Desda “Mae Q” Moana, Valentine’s Day Devil Girl of the Month

Primal Root:  Ms. Moana, please, introduce yourself to The Collective and tell us just what you’re all about. 

Desda “Mae Q” Moana: Hey there, Collective, I’m Desda “Mae Q” Moana. I’m a burlesque artist, theater and film actor, and vintage pin up/fetish model in Indianapolis, Indiana. I’m geeked to be the newest Devil Girl, as this kind of shit just melts my butter. Thank you for asking me to come and play in your little world. I like it here.

Root:  Well, Desda, it is an honor to play with you. Do you mind sharing with us what your inspiration was for your Valentine’s Day Devil Girl set?
Moana: The genius minds behind Firepuss Productions were the inspiration for this shoot. You said trash, they said “cheap ass hotel in nowhere, Indiana.” Well, first, we wanted to do a PBR and trailer park theme, but seeing as it’s January, we’re holding off till warmer weather. I’ll get you those pics in a few months. 🙂 We wanted sex and blood. We wanted cheese. I approached Lady Riot, a fellow burlesque artist and photographer, with the idea to do a trashy horror shoot and she just ran with it. Her photog, Brian Hornbuckle, and loving husband, Jonny Voodoo were kind enough to come on the journey with us. Although Jonny got more nervous about my boobs in his face than the small knives near his carotids.

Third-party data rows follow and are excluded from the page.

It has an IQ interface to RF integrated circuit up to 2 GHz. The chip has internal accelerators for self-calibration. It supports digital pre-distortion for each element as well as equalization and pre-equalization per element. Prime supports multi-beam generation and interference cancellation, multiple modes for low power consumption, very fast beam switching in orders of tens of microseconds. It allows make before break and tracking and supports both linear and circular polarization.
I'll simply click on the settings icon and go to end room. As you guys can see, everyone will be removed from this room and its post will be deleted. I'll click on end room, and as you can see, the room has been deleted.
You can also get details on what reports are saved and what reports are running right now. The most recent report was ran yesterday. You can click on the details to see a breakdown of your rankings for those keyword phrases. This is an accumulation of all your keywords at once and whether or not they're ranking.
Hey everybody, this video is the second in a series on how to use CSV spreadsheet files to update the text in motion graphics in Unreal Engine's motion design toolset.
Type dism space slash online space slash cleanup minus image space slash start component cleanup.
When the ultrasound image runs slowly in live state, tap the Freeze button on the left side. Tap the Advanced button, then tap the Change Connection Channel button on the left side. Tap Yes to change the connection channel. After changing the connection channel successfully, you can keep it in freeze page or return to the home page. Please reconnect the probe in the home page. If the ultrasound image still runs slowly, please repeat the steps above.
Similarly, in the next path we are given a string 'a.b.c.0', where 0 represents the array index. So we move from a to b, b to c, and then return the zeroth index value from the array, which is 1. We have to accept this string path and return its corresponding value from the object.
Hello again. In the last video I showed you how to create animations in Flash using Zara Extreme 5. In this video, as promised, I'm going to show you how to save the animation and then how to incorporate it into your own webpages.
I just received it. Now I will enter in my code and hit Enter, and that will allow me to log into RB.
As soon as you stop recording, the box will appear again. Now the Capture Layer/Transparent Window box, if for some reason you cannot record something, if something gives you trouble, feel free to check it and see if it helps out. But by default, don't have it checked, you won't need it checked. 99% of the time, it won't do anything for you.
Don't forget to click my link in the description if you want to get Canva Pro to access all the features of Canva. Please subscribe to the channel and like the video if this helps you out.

Root: I can understand, you do possess a very serious set of boobs, Desda. Now, I hope you don’t mind me getting a bit more intimate…What are some of your favorite Trash flicks?
Moana: I am a child of the 80’s so my favorites are slashers that attempt plot but fail miserably: My Bloody Valentine is my favorite of all time. So much so that for our Valentine’s Day show, I am currently developing a burlesque act as Harry. Gas Mask? Check. Pickaxe? Check. That’s my kinda Happy Heart day. I also loved anything with the words Camp, Sleepaway, Sorority, or Hell in the title. If sweet little things were going to their death, a psycho was stalking them, and there would be running in the woods in very little clothing? I was all about it. Even better if the plot included lesbian overtones, cross dressing, or gender confusion.

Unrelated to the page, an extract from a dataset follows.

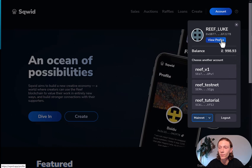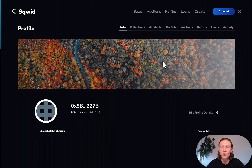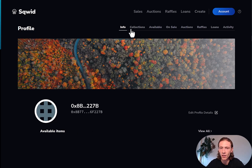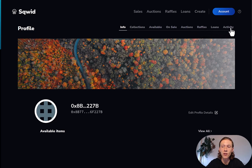You can also view your profile, so let's click view profile. This is your personal space. You can see some information, available items — no items yet — which is what we are going to change in this tutorial. You also have options like collections, available on sale, and some others, as well as your recent activity. We are going to look at some of these features later on.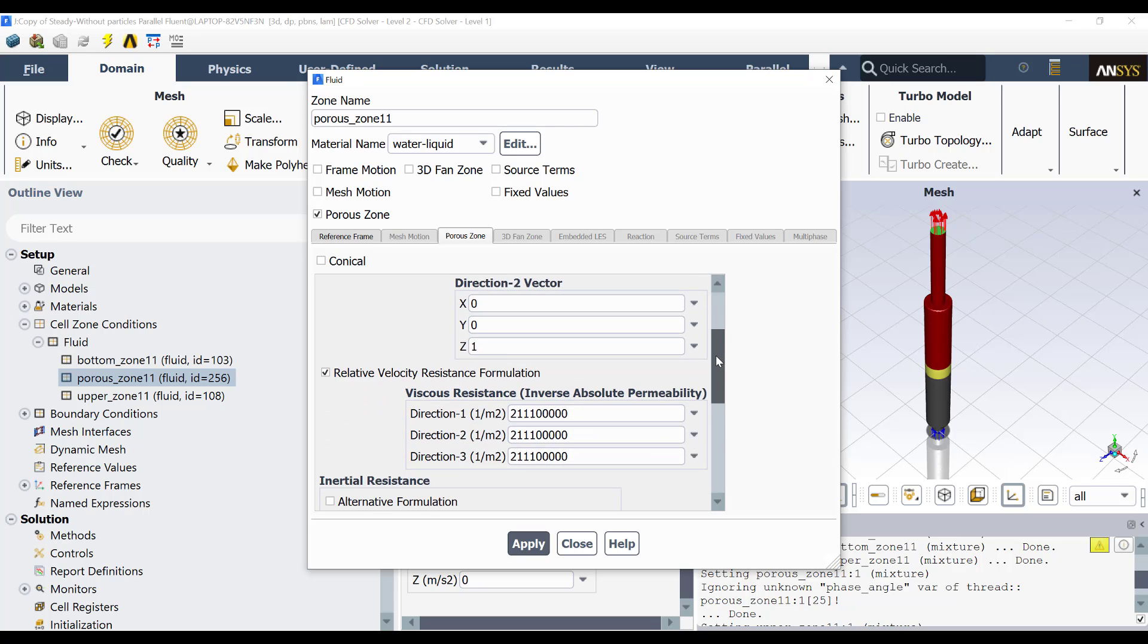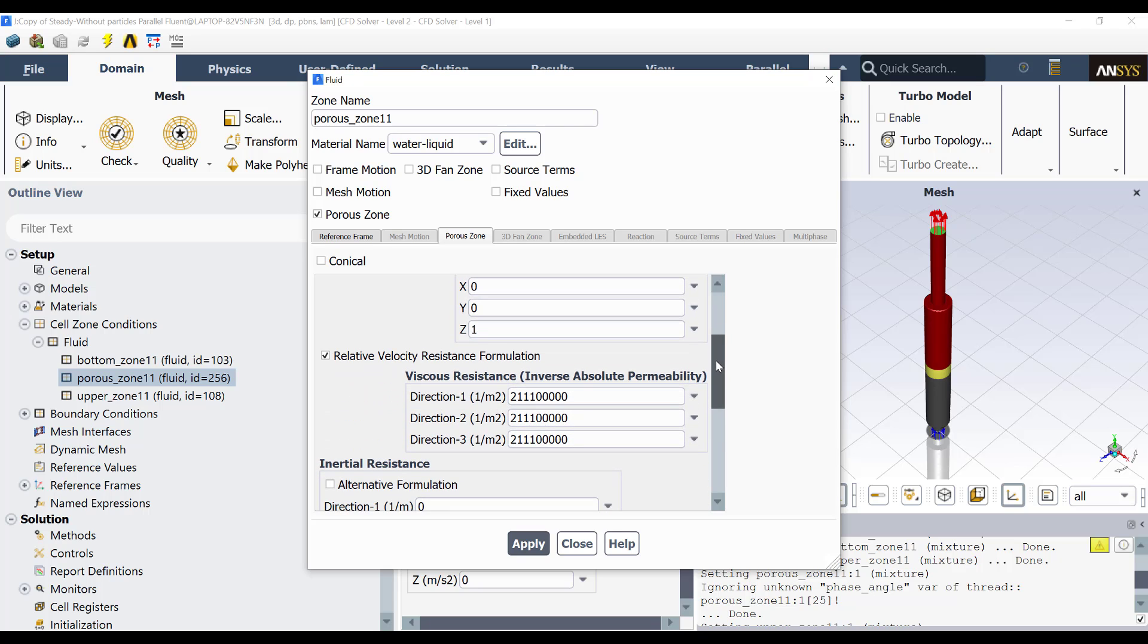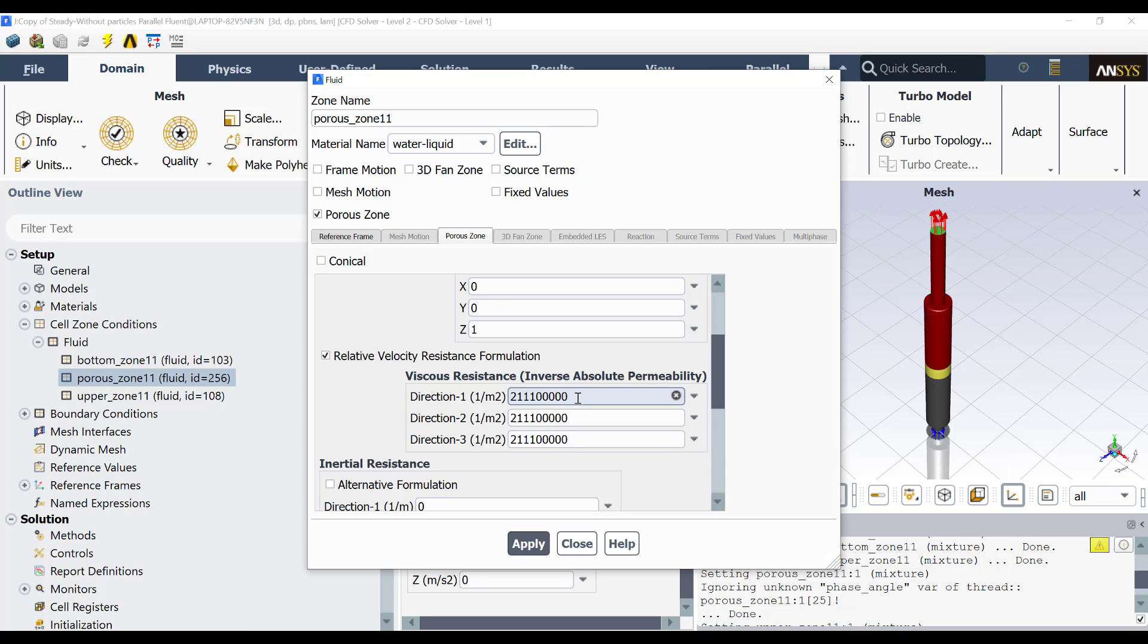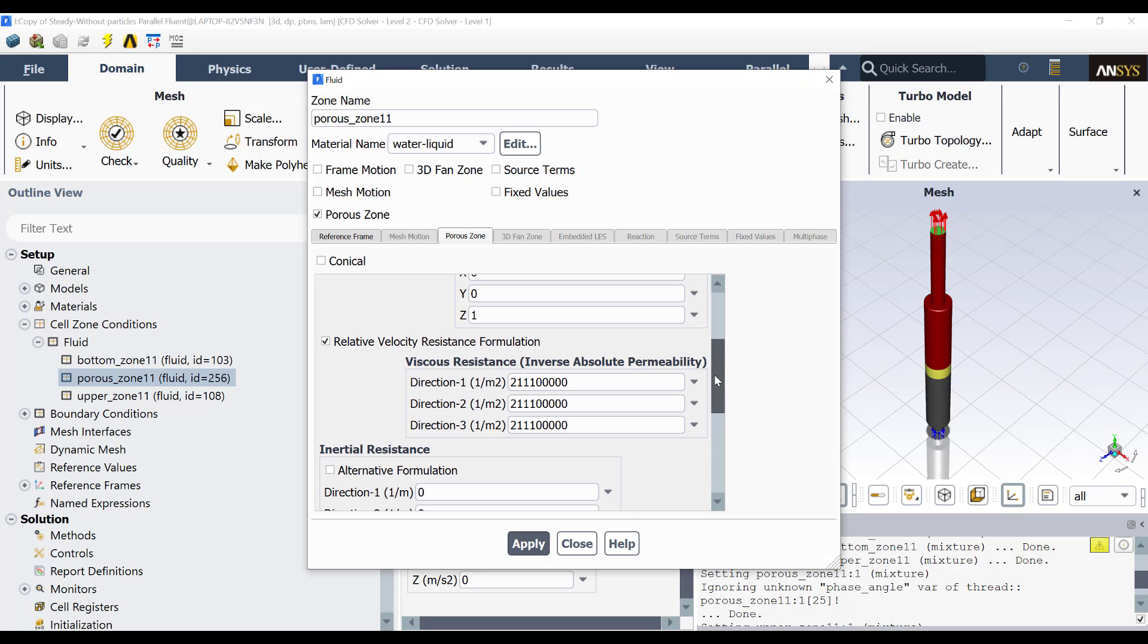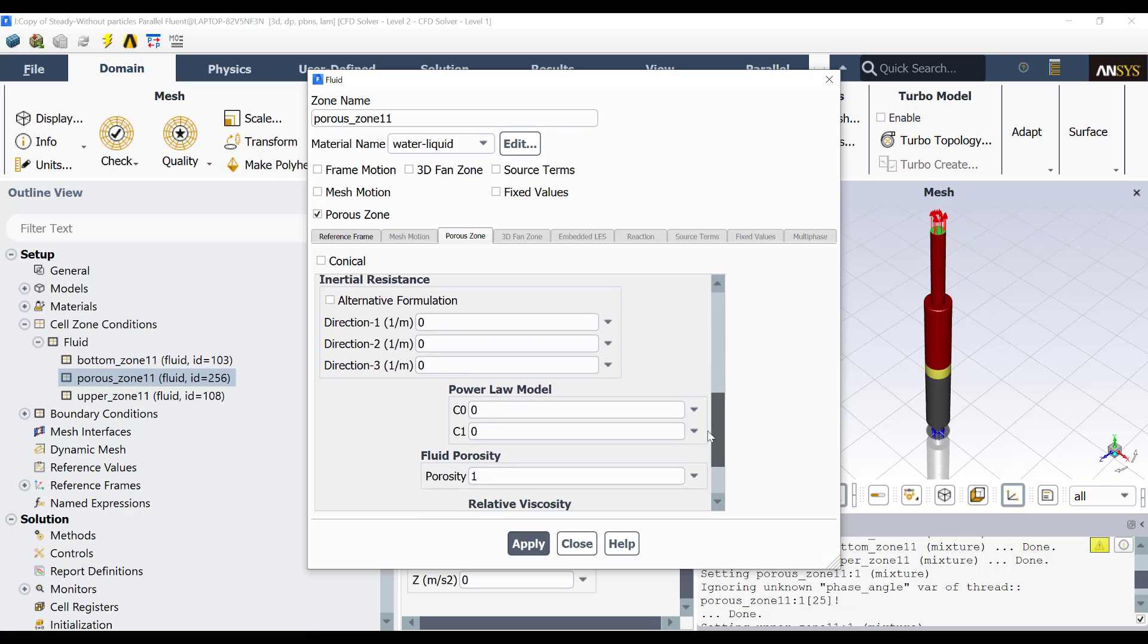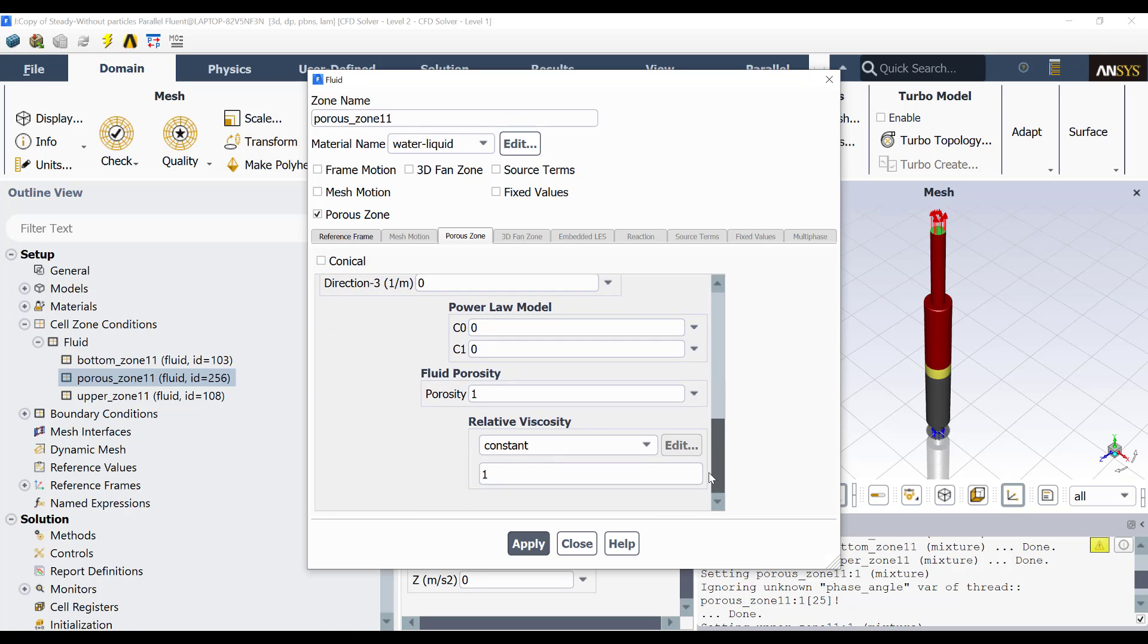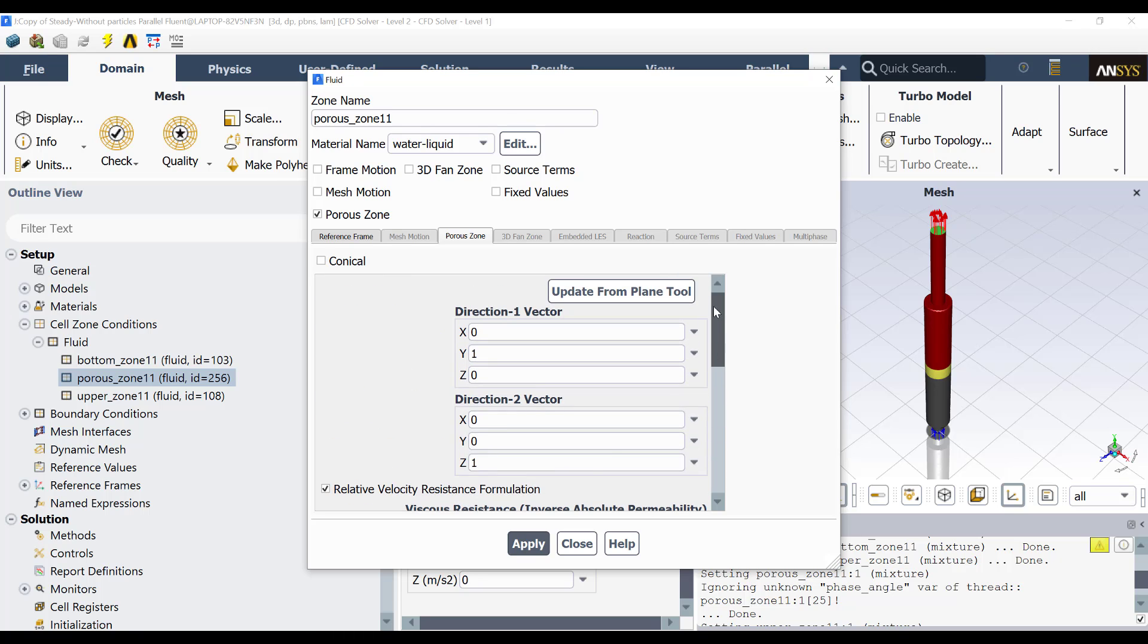And here we have the viscous resistance. This is a very, very high value. In fact, these are the default values. You can change this, but you need to calculate and estimate which will be the real values for this. Then you have to calculate it. And that's it. Everything is by default right now.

Root: Ms. Moana, you’re gonna fit in just fine around these parts.You;re a natural born Devil Girl. For the sake of The Collective, where can our followers go to see more of you? What projects are you working on and may we pimp any of your sites?

Moana:  Angel Burlesque is my hometeam: www.angelburlesque.com. I am a founding member, and part of the management team. If you’re in the Indy area, check us out. We perform in various venues several times a year. I will also be performing in burlesque festivals around the Midwest this year, and am always available to teach workshops or perform. I get to perform at Gen Con again in August with Chicago’s Glitter Guild…doing Geek burlesque makes my heart happy.

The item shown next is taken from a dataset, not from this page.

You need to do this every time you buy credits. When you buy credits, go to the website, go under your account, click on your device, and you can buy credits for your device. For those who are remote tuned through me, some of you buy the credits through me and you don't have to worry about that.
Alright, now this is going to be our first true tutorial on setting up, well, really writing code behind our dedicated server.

I have a few films being released this year: Scalene, with Margo Martindale is hitting Netflix soon, and Three Tears on Bloodstained Flesh, a Giallo styled horror, will be released later this year.

The biggest GEEK OUT I am anticipating is performing at the VIP party for Days of the Dead Con in Indy, July 6-8th. I am doing my Harry Tribute and a creepy doll routine to an ICP song. And? Kane Hodder and Gunnar Hansen seeing me do my thang? I may just pee a little, I’m just sayin’.

Root: I am you will pull a role reversal on those two boogeymen and have their hearts racing when they see you perform in July. Well, Desda “Mae Q” Moana, it is an honor and a privilege to have you featured as our Valentine’s Day Devil Girl. Thank your for your hard work and for keeping it Trashy.